Review 19: Singapore's Authoritarian Capitalism Asian Values, Free Market Illusions and Political Dependency, by Christopher Lingle (1996)
Reviewed by:
Mark T. Berger,
Murdoch University,
The Journal of Asian Studies, Vol. 56:3 pp. 853-854 (August 1997)

...The autobiographical pages are extremely interesting, and this reader would have preferred this section to have been much longer. Lingle's encounter with the PAP deserves elaboration, insofar as such an elaboration would shed light on the workings of PAP hegemony in Singapore. Nevertheless, as it stands, the autobiographical section certainly explains the vehemence of the subsequent chapters. Against the backdrop of his personal experience in Singapore, Lingle makes clear that he regards Asian values as nothing more than a smoke screen behind which the Singapore government and other authoritarian capitalist regimes operate draconian systems of political, social and economic control. Certainly, the idea of Asian values and Asian democracy has been successfully deployed in Singapore and beyond to justify and maintain authoritarian structures, but Lingle is so intent on challenging Asian values that he ignores the cultural resonance that this formulation has with many people in the region and makes no attempt to explain why it resonates. Regardless of the cynical and manipulative way in which elites in the region deploy Asian values, and their often heavy reliance on coercion, it is important not to overlook the substantive, albeit fluid, role that cultural formulations such as Asian values play in the history of particular types of paternalistic nationalism and authoritarian capitalism, such as that which has emerged in Singapore.
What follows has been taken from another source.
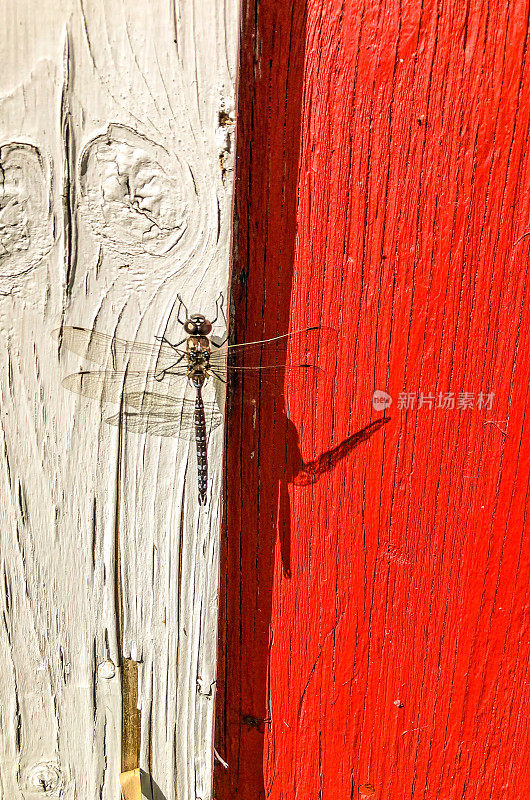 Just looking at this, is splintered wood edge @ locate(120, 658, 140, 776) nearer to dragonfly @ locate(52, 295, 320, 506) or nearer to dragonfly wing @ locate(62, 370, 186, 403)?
dragonfly @ locate(52, 295, 320, 506)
A related problem is the way in which Lingle's highly generalized use of the concept of authoritarian capitalism obscures important difference between various political formations in the Asia-Pacific (pp.39-40, 119-20). This difficulty is further exacerbated by his tendency to conflate authoritarian capitalism with authoritarian socialism and with Nazism (pp 89, 98, 101, 113, 147, 154). His critique of the PAP in Singapore is weakened by his insistence that authoritarian capitalism in Singapore is virtually interchangeable with regimes in China, Indonesia, and South Korea and Taiwan during military rule. Although, he is exceeding critical of the concept of Asian values, which rests on a homogenous conception of Asia and on a dubious East-West dichotomy, his own approach is also clearly grounded in homogenous conceptions of Asia on the one hand and the West on the other (pp. 53-54).
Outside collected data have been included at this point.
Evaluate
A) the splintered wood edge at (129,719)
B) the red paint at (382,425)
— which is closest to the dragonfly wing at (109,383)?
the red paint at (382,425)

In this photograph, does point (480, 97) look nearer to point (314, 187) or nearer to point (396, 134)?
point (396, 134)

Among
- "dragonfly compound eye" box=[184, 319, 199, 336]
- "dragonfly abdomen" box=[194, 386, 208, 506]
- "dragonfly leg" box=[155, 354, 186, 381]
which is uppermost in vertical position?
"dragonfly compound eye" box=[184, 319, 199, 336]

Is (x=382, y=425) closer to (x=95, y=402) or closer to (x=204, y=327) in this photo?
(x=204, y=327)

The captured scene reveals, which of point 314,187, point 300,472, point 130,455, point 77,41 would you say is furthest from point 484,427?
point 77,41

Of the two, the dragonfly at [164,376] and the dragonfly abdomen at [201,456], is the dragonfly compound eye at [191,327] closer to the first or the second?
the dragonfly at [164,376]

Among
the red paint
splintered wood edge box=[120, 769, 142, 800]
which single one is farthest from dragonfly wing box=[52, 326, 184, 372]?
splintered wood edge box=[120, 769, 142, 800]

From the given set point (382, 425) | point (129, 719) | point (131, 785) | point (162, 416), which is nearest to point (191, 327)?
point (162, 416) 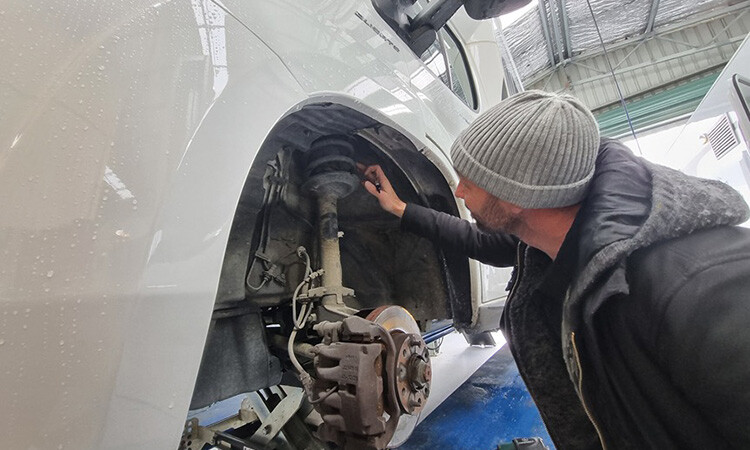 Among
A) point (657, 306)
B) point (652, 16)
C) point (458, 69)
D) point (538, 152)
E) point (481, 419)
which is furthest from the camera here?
point (652, 16)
Such conceptions appear to underpin the way in which he assumes that distinctly North American (or Anglo-American) modes of economic and political organization (which he equates with the West) are superior to any and all alternatives. Many readers will be less than persuaded by his invocation of the standard mantras of neoclassical economics (pp. 134-35) and his argument that, in contrast to the idea of a Pacific Century, a "much better, and more inclusive, concept is that of a 'Global Century', where a rising tide of global free-trade lifts all ships" (p. 148). Lingle's book is a passionate report from the East-West battle zone by an unabashed advocate of Anglo-American liberalism. As a text by a well-known participant in the East-West debate, it deserves the attention of any reader interested in the vicissitudes of the new kulturkampf unfolding in the Asia-Pacific."